In the present case, the court agrees with the defendants that their allegations of an affirmative duty by RCO to indemnify and hold them harmless satisfies the requirement of " an express or implied independent legal duty" that could preclude operation of the exclusivity provisions of § 31-284. However, the court also agrees with the plaintiff that the defendants' attempt to assert a counterclaim through General Statutes § § 52-102b and 52-572h is improper as a matter of law.
First, General Statutes § 52-102b allows a defendant to " serve a writ, summons and complaint upon a person not a party to the action who is or may be liable pursuant to said section for a proportionate share of the plaintiff's damages." (Emphasis added.) Here, RCO, as subrogor of the plaintiff, is already a party to the action. Thus, the provisions of § 52-102b are inapplicable.
Second, § 52-572h(c) allows the trier of fact to allocate liability among multiple tortfeasors " if damages are determined to be proximately caused by the negligence of more than one party." Here, the plaintiff brings these two actions pursuant to its statutory right of reimbursement under § 31-293(a). In Durniak v. August Winter & Sons, Inc., 222 Conn. 775, 782, 610 A.2d 1277 (1992), our Supreme Court held that " [b]y its own terms, [§ 52-572h] applies only to causes of action based on negligence . . . Accordingly, its terms do not govern statutory causes of action that have no common law counterpart . . . Because an employer's right to obtain reimbursement from a third party tortfeasor is a statutory claim that is derived in its entirety from § 31-293(a) . . . the employer's claim does not fall within the compass of § 52-572h." (Citations omitted; internal quotation marks omitted.) Thus, in the present case, the court agrees with the plaintiff that, despite the contractual indemnification agreement alleged by the defendants in their counterclaims, rights of apportionment between multiple tortfeasors set forth in § 52-572h do not apply to the statutory right of employers to recover against third parties pursuant to § 31-293.

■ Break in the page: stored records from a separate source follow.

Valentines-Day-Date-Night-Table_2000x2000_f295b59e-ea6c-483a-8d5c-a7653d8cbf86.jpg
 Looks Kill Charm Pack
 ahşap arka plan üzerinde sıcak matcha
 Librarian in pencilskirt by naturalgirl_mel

Third, to the extent that the defendants' claims are based on their contractual right of indemnification, the provisions of § 52-572h still do not apply, as that statute governs the allocation of liability among joint tortfeasors in negligence actions only. The defendants' contractual claims for indemnification may properly be raised in a counterclaim or right of setoff under Practice Book § 10-54, and not through a claim for apportionment pursuant to § 52-572h.
Conclusion
For the reasons set forth above, the defendants' apportionment counterclaims in both consolidated actions are legally insufficient. The plaintiff's motions to strike the defendants' counterclaims are granted.